IP Strategy

Hi All,

Just looking for some confirmation/advice from here for an idea I have before I run it by my accountant.

Currently I own an IP with my sister valued at approx $400K, so my share is $200K. The IP is paid off so positively geared. The property was transferred to us by our parents.

My idea is to draw into my $200K share of the property, invest that $200K in a Term Deposit in my wife's name (she's in a lower tax bracket), and gear the expenses on the property (interest+expenses-income) against my income to lower my gross income from say for example $100K to use the mortgage interest.

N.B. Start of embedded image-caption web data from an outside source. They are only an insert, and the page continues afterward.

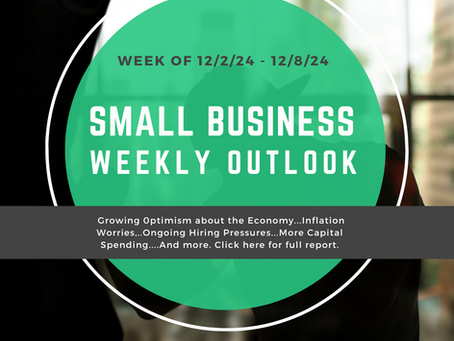 Small Business Weekly Outlook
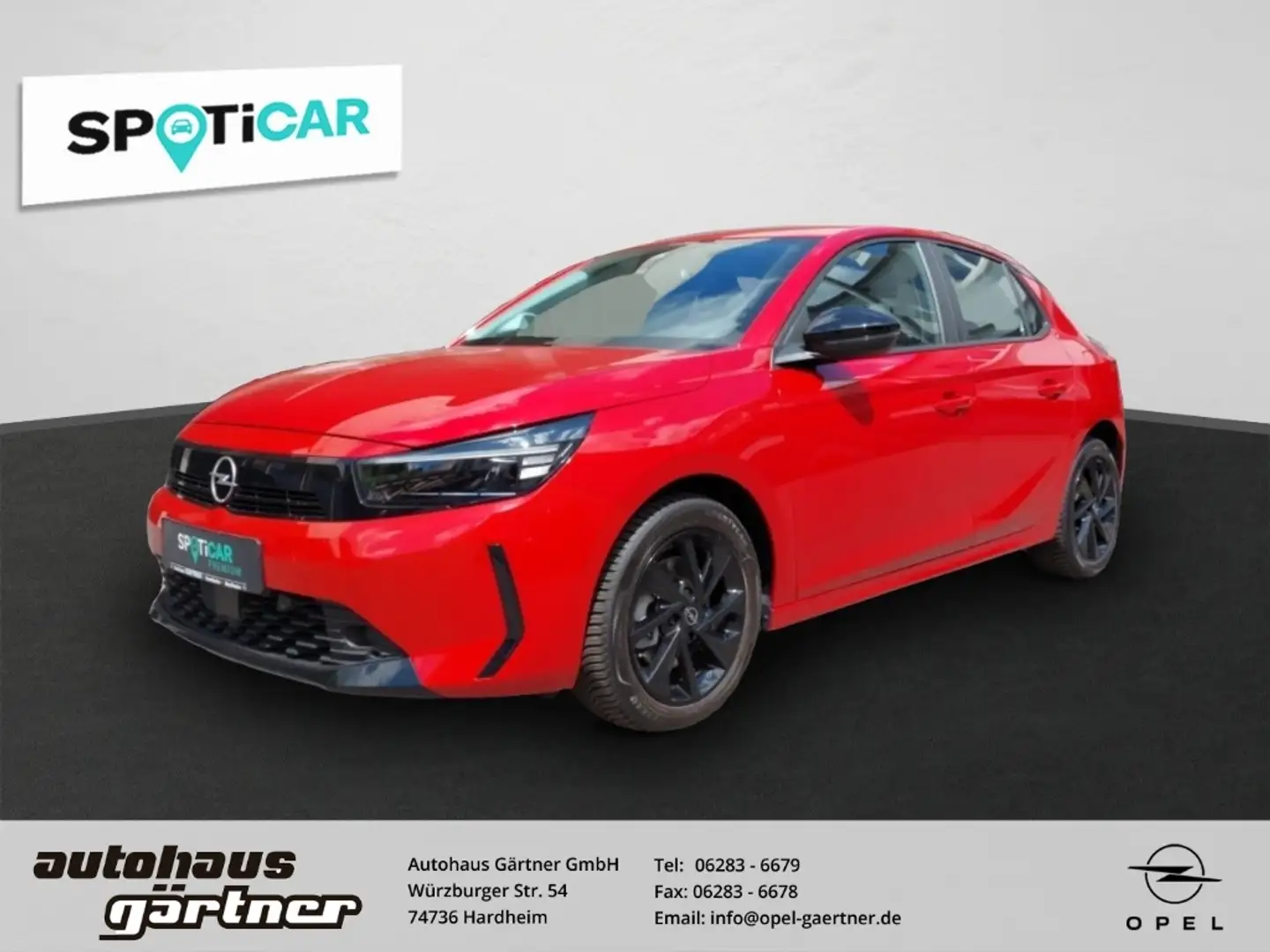 Opel Corsa F Basis 1.2 Turbo EU6e ALU+PDC+KLIMA+LED+KAMERA Rot - 1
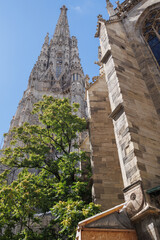 Detail of St. Stephen's Cathedral in Vienna, Austria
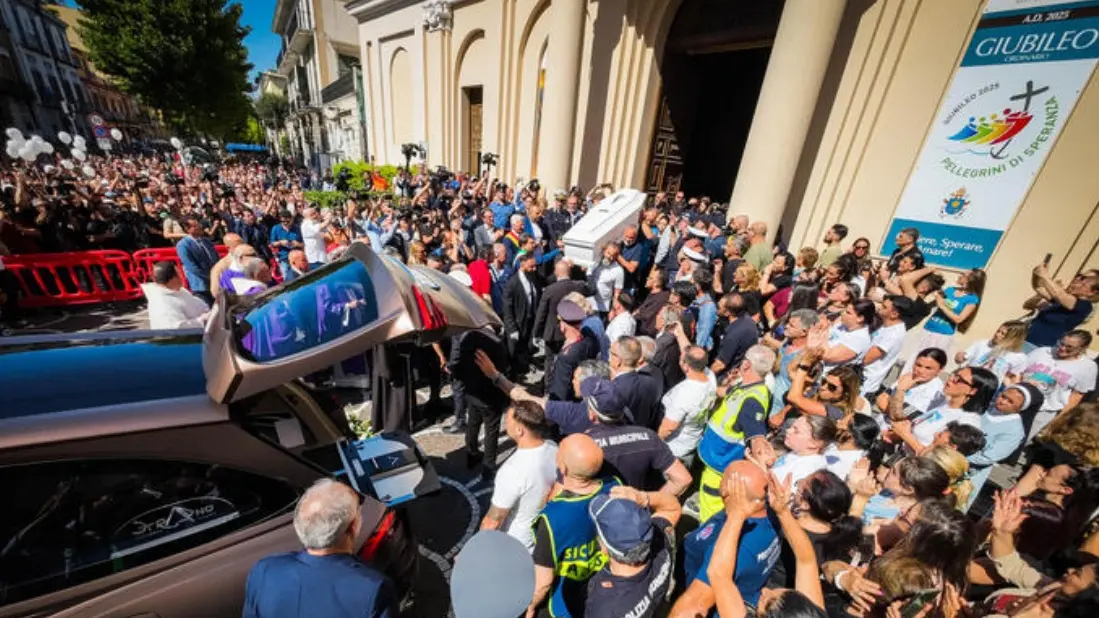 I funerali di Martina Carbonaro , Ansa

Here are the figures I've worked out:

IP Interest
========

a. IP Value 400,000
b. IP Share (50%) 200,000
c. Mortgage (Redraw Amount) 200,000
d. Interest Rate 7%
e. Annual Interest (c x d) -14000

f. IP Income (50% of 12,000) 6000
g. IP Expenses (Income x 20%) -1200
h. IP Gearing Amount (e + f + g) -9200

Term Deposit (in wife's name so no tax implications for me)
============================================

i. Amount Invested 200,000
j. Interest Rate 5%
k. Interest Income (Gross, i x j) 10000
l. Interest Income (Net, using wife's 25% avg tax rate) 7500

My Tax Impact
===========

Now:
m. Salary 100,000
n. Average Tax Rate 30%
o. Tax Payable 30,000

With $200K Loan:

p. Salary 90,800
q. Average Tax Rate 30%
r. Tax Payable 27,240

s. Total Tax Savings (o - r): 2,760
t. Total Net New Income (TD in wife's name, l): 7,500

u. Total Income/Savings (s + t): $10,260
 
Don't think u are going to get a den on the money with no income possible in the future

I think deductabily will be determined by the use of the funds, not the security for the loan

Ta
Rolf
 
An offset wouldn't change things in this instance.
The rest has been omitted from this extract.